EXCERPTED DATA Block Start
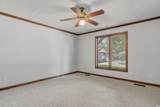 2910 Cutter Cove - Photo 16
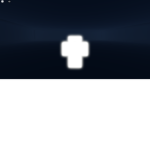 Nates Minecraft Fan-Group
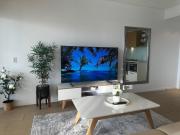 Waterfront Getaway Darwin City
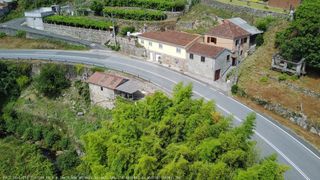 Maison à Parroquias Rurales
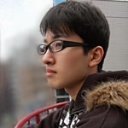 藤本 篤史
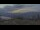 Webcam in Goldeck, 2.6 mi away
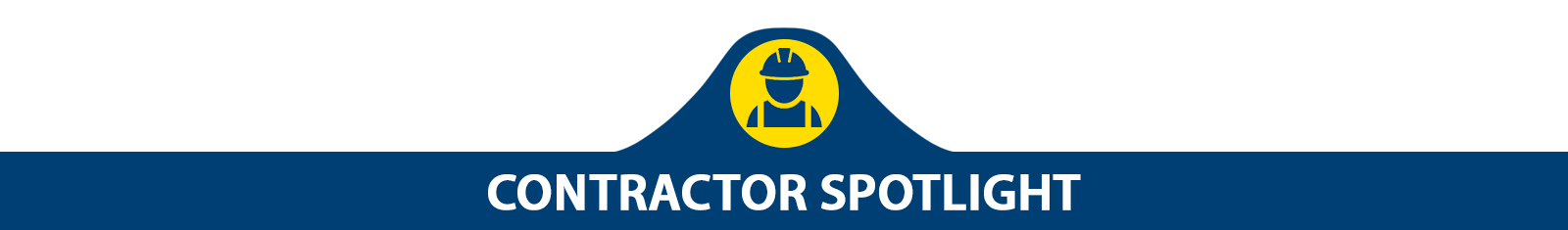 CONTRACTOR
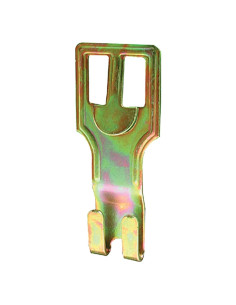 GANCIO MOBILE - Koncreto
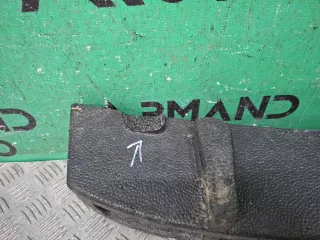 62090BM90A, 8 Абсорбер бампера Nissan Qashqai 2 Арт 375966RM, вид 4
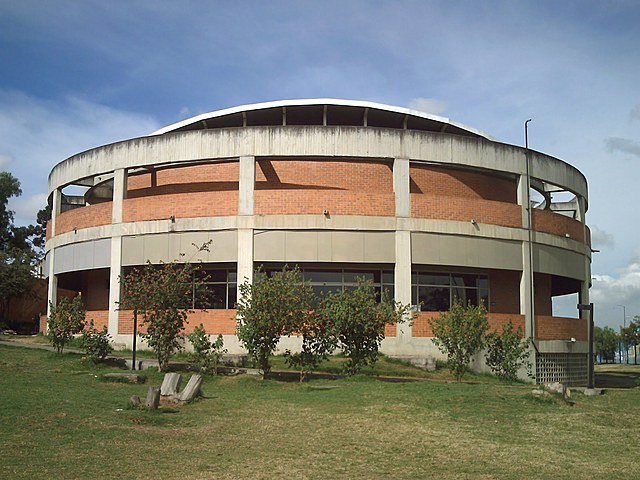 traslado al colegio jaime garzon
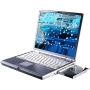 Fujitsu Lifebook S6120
EXCERPTED DATA Block End
EXCERPTED DATA Block Start
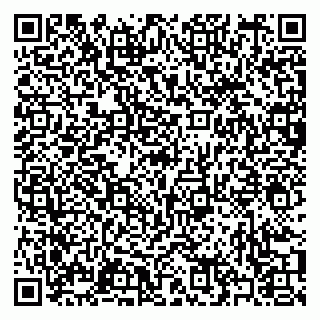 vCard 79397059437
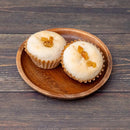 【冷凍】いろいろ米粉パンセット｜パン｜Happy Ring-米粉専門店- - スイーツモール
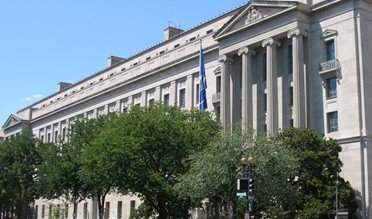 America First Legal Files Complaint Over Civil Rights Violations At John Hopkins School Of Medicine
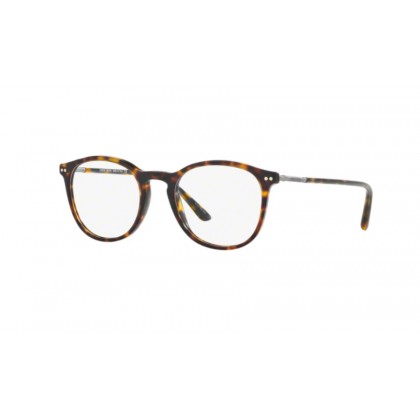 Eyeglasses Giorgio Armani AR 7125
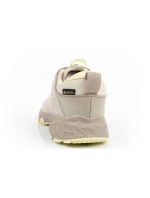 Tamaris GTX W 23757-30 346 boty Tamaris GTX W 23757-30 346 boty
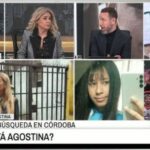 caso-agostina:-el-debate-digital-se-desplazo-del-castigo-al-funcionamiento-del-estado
EXCERPTED DATA Block End
HOW TO COMPLETE THIS TASK>
What you write out is the stretch of entries from the line containing "2910 Cutter Cove - Photo 16" to the line containing "Fujitsu Lifebook S6120", word for word, with both end lines and no pictures.

EXPECTED OUTPUT>
 2910 Cutter Cove - Photo 16
 Nates Minecraft Fan-Group
 Waterfront Getaway Darwin City
 Maison à Parroquias Rurales
 藤本 篤史
 Webcam in Goldeck, 2.6 mi away
 CONTRACTOR
 GANCIO MOBILE - Koncreto
 62090BM90A, 8 Абсорбер бампера Nissan Qashqai 2 Арт 375966RM, вид 4
 traslado al colegio jaime garzon
 Fujitsu Lifebook S6120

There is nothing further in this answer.